The object of defence management is to establish, equip and sustain armed forces to produce as much coercive force as possible from the money that is provided — the old saying, "As much bang for the buck or rubble for the rouble as you can get out of your defence expenditure."

The object of military command, the third element in this statement, is to prepare the Canadian Forces to apply coercive force effectively and efficiently according to military principles at the direction of the government.

It is against these objectives that we should look at defence policies, choices and decisions into the future.

I believe that defence policies, like most other public policies, are not made but found, and they are found in a discussion that arrives at a consensus on what are the objectives in each of these categories. This kind of meeting, despite my Eeyore complex at the beginning of this discussion, is important because you are on the track of trying to find what is sustainable within the system.

We need to remember, I think, that, in the end, defence policy will be whatever the prime minister says it is at any particular moment, in the immediate sense, but in the longer sense, we need a new statement that looks at the interrelationships of strategic outlooks, resources, management and command. If we do not have a statement that is comprehensive in all these areas that links them logically, then we will have another white paper that is fine to look at, interesting to read and immediately put aside by the people who have to produce armed capabilities for Canada.

The Chairman: Before we lead off the questioning with Senator Forrestall, perhaps I can be the Kanga to your Eeyore and ask you to elaborate, for the committee's benefit, the single principal differentiating feature that you described that the military had from everything else, and that is the application of the use of force. Goodness, it sounds totally un-Canadian. How could we possibly think about that?

Could you talk to the committee briefly about how, if this is the single distinguishing characteristic that you would see the military having from other resources that the government has, that would affect how we really structure the armed forces and should they really be focusing on anything other than that, if that is their unique characteristic?

Mr. Bland: Yes, it does sound, in the present context, un-Canadian. I do not think it would have sounded so un-Canadian to my father.

That aside — and I think that is fact number five — when someone is doing a value audit of national defence policy, the first place to look to is the sharp end of the spear and not the blunt end of the spear. How many battalions do you have? How many ships do you have? How many aircraft do you have?

What often happens, in my view, is that when people come before committees, they talk about reducing, they want to attack the front end of the spear and leave the rest alone. We need to engage in a policy of reallocation of as much defence resources and funding from the blunt end of the spear to the front end.

What we need to say in our policies — if you believe that the purpose of having armed forces is to have armed forces that use their special skills and in the concept of coercive force to win over other people to your point of view, then that is what we ought to be building the forces to do.

The committees and so on, therefore, ought to be asking officials how many dollars produce coercive force — combat output? How much? What is the distribution of resources in this regard? By some estimations, although it is hard to tell, no one can ever seem to find out how many people work in National Defence Headquarters, about 10 per cent of the force is employed in that area?
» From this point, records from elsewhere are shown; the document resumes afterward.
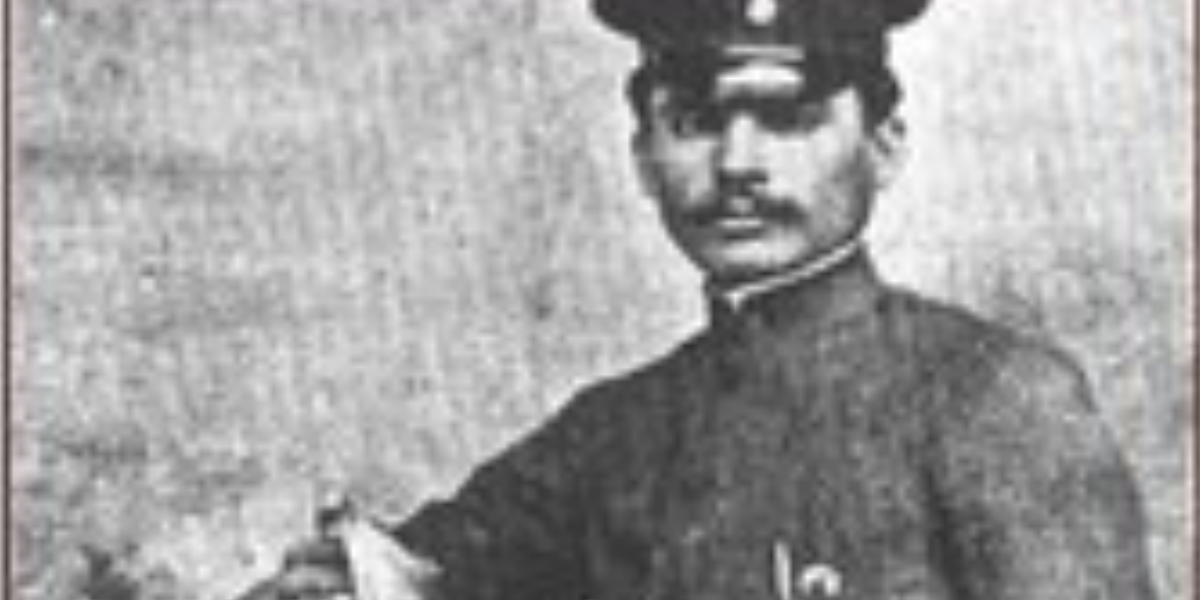 Humberto Gómez lideró una revuelta independentista en 1916.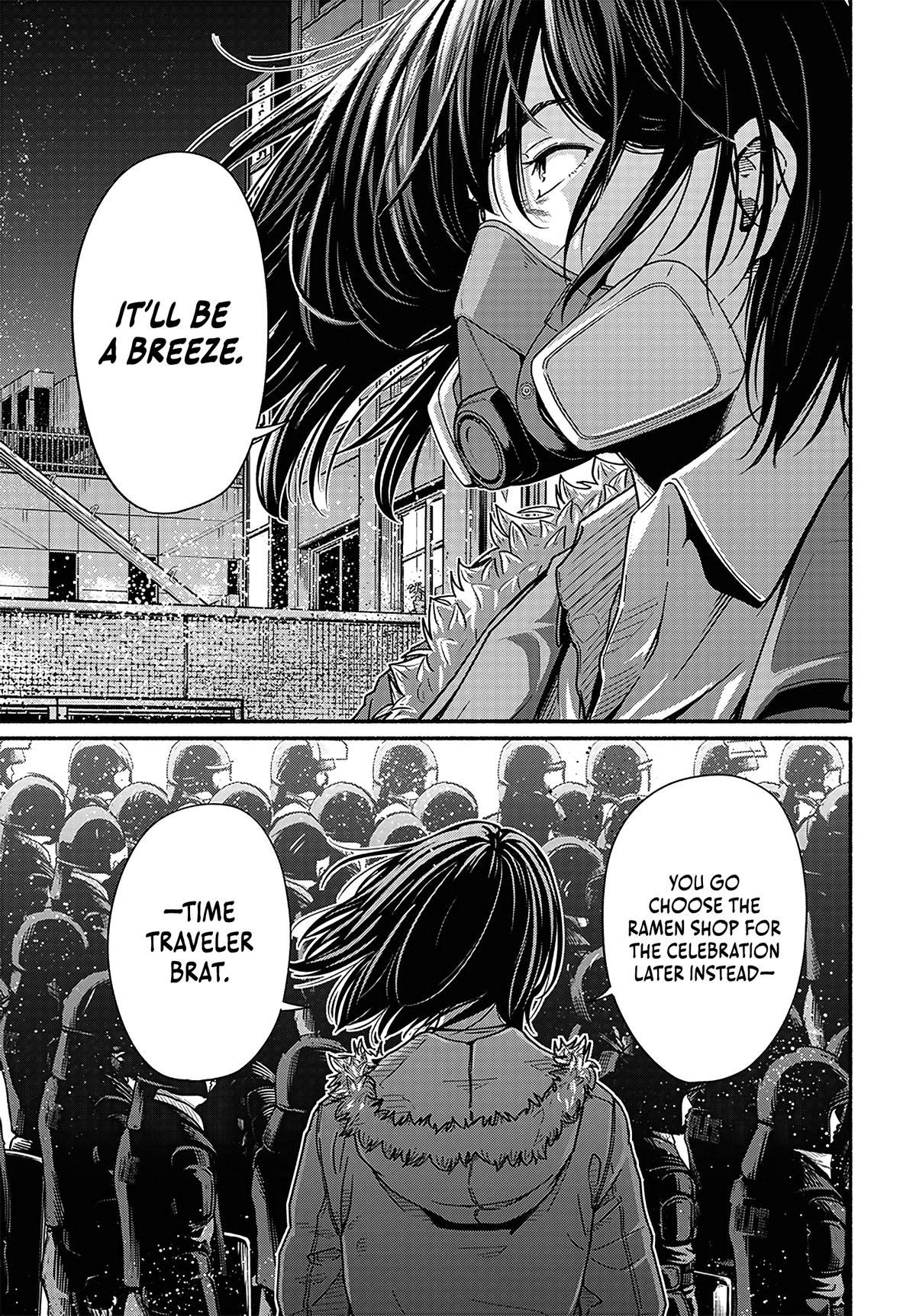To a New You Chap 19 - Next Chap 20
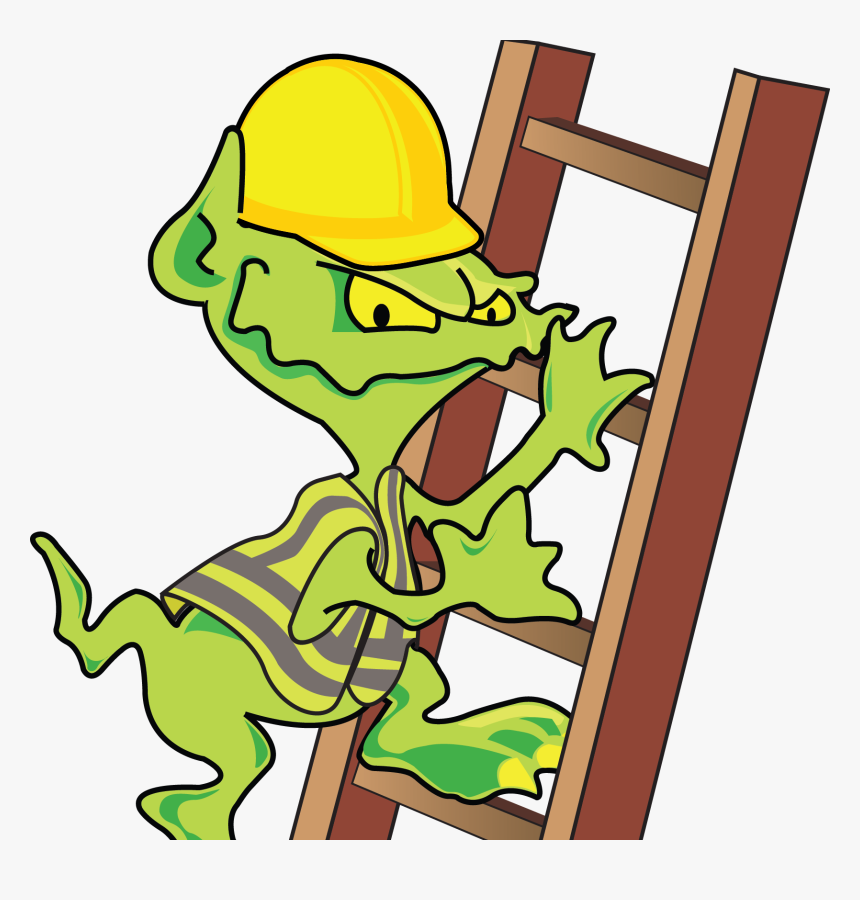 Gutter Gremlin Clipart , Png Download, Transparent Png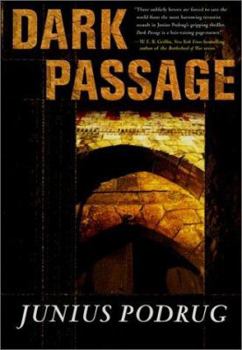 Hardcover Dark Passage Book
Why do we have so many classifications within the armed forces, military officer classifications and other classifications? When I first joined the armed forces — and I will not tell you when that was; it was a long time ago — everyone who was in the army was in one of 11 classifications. That included doctors, dentists, lawyers and everyone else. The air force and the navy were similarly constructed in small groups of people. Today, there are over 100 classifications, I believe. Each classification carries with it costs, career managers, training establishments and so on.

We need to look at what it is in the next policy statement that will get us to having more. If we get 5,000 more people, will they all go to the sharp end of the spear, and they ought to, and how are you going to control that sort of thing?

I know that is a rambling answer to your question, but Canadians can easily lose focus, and the bureaucracy, the military and the civil bureaucracy, often loses focus that what we are supposed to be doing is producing armed force for use by the Canadian government. I do not think we have been doing a good job in that over the last number of years.

Senator Forrestall: I must say immediately to Dr. Macnamara that, in his capacity as the honorary colonel in the Force College of Toronto, I enjoyed a most pleasant two and a half, three hours with 100 of the brightest-looking prospective senators I have ever seen in my life. They were enthusiastic and curious, and, boy, did they ever look at home in those seats.

Dr. Bland, pardon me if I jump around a little bit. Quite contrary to your closing observation that you were rambling, perhaps you were beginning to focus. Like me, you have been around so damn long that you do not know when you are in focus or out of focus. You and Dr. Macnamara take me back to some other days.

I want to talk about the availability of dollars, and I want to ask you to imagine, if you can, the growth of this great country. They say Ontario is taking over from Michigan in the automotive field, that Ontario is the new "auto kingpin." Unbelievable, but there it is on the front page of today's Globe and Mail.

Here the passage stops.